Here we download the **GloVe embeddings** (Global Vectors for Word Representation) trained on a large Wikipedia + Gigaword corpus.  

- Each word is mapped to a **100-dimensional vector**.  
- Words that appear in similar contexts (e.g., *king* and *queen*) will have vectors that are close to each other in this space.  

These embeddings will serve as the foundation for representing text in our binary classification task.


In [None]:
glove_vectors = gensim.downloader.load('glove-wiki-gigaword-100')

### Loading and Preparing the Dataset

For this example, we’ll use the **Sentiment140 Twitter dataset**, which contains tweets labeled for **sentiment (positive or negative)**.  
This is a common benchmark dataset for text classification tasks.  

- We load the dataset using the 🤗 **`datasets`** library.  
- To keep the demo lightweight and fast, we only take a **subset** of the data:  
  - 50,000 tweets for training  
  - 10,000 tweets for testing  

Finally, we print the dataset sizes to confirm our selection.


In [None]:
ds = load_dataset("adilbekovich/Sentiment140Twitter")

train = ds["train"].select(range(50_000))
test = ds["test"].select(range(10_000))
print(f"Training set size: {len(train)}")
print(f"Test set size: {len(test)}")

### Converting Tweets into Embeddings

Machine learning models can’t directly process raw text, so we need to convert each tweet into a **numeric vector**.  

We define a function `sentence_embedding` that:  
1. **Tokenizes** the sentence into words (removing punctuation and making everything lowercase).  
2. Looks up the **GloVe vector** for each word.  
3. Computes the **average** of all word vectors to create a single fixed-length representation of the entire sentence.  
   - If a sentence has no known words, we assign a zero vector.  

Then we:  
- Apply this function to every tweet in the train and test sets.  
- Store the result in a new column called `"embeddings"`.  
- Format the dataset so that `"embeddings"` and `"label"` are ready to be used as **PyTorch tensors** for training a classifier.


In [None]:
def sentence_embedding(sentence: str, model: Any) -> np.ndarray:
    # TODO: implement this function
    ...
    
train = # TODO: Map the training set to add embeddings
test = # TODO: Map the test set to add embeddings

train.set_format(type="torch", columns=["embeddings", "label"])
test.set_format(type="torch", columns=["embeddings", "label"])

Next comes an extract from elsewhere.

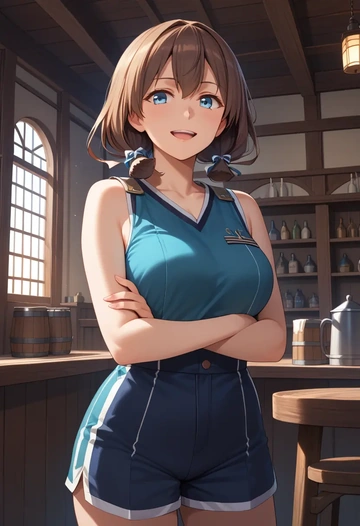 kantai_collection,teruzuki_(kancolle),athletic,shorts,sexy  - AI generated anime art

### Building a Simple Neural Network Classifier

Now that we have numeric embeddings for each tweet, we can train a **neural network** to classify sentiment.  

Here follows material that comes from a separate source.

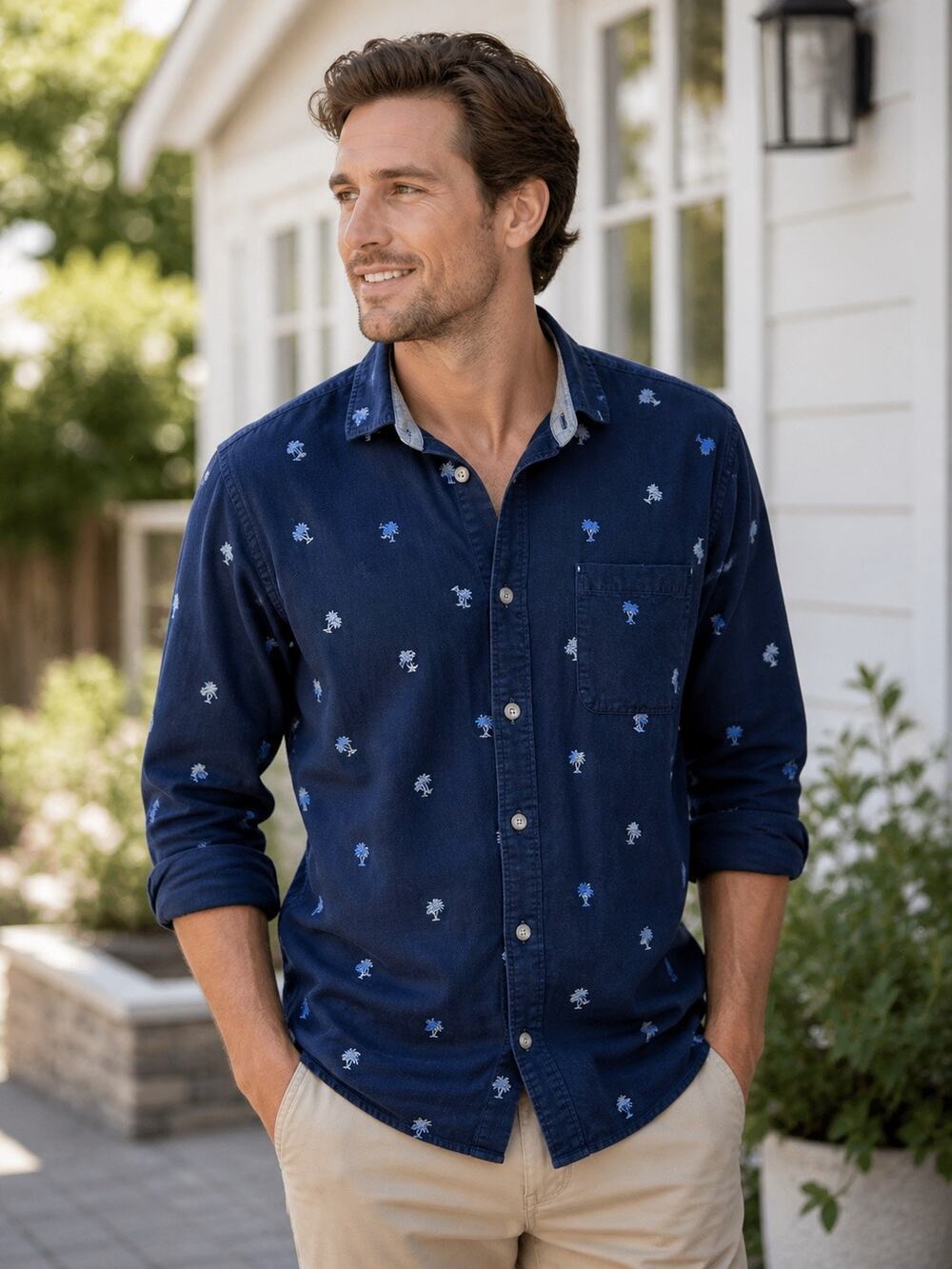 Tommy Bahama Men's Corduroy Twin Palms Shirt Throne in Navy Blue Size L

We define a PyTorch model `SentimentClassifier` with the following structure:  

1. **Input layer**: takes in the 100-dimensional GloVe embedding for each tweet.  
2. **Hidden layer**: a fully connected layer with 256 units and a **ReLU activation**, which introduces non-linearity.  
3. **Output layer**: a single neuron that predicts the probability of the tweet being **positive** (values between 0 and 1).  
   - We use a **sigmoid activation** to squash the output.  

This simple feed-forward network is powerful enough to learn sentiment patterns from our averaged word embeddings.


In [None]:
class SentimentClassifier(nn.Module):
    def __init__(self, input_dim):
        super().__init__()
        # TODO: Define the layers and the activation functions
        ...
    
    def forward(self, x):
        # TODO: Implement the forward pass
        ...

model = ... # TODO: Initialize the model with the correct input dimension (hint: extract dimension from glove_vectors)


### Setting Up Training Parameters

Before training the model, we need to define some key components:  

- **Batch size (64)**: the number of samples processed at once before updating the model’s parameters.  
- **Epochs (30)**: how many times the model will see the entire training dataset.  
- **Loss function**: we use **Binary Cross-Entropy Loss (`BCELoss`)**, which is standard for binary classification tasks.  
- **Optimizer**: we use **Stochastic Gradient Descent (SGD)** with a learning rate of 0.01 to update model weights during training.  

We also wrap our dataset into **DataLoaders**:  
- `train_dataloader`: feeds batches of tweets into the model, shuffling to avoid order bias.  
- `test_dataloader`: used for evaluation (no shuffling needed).  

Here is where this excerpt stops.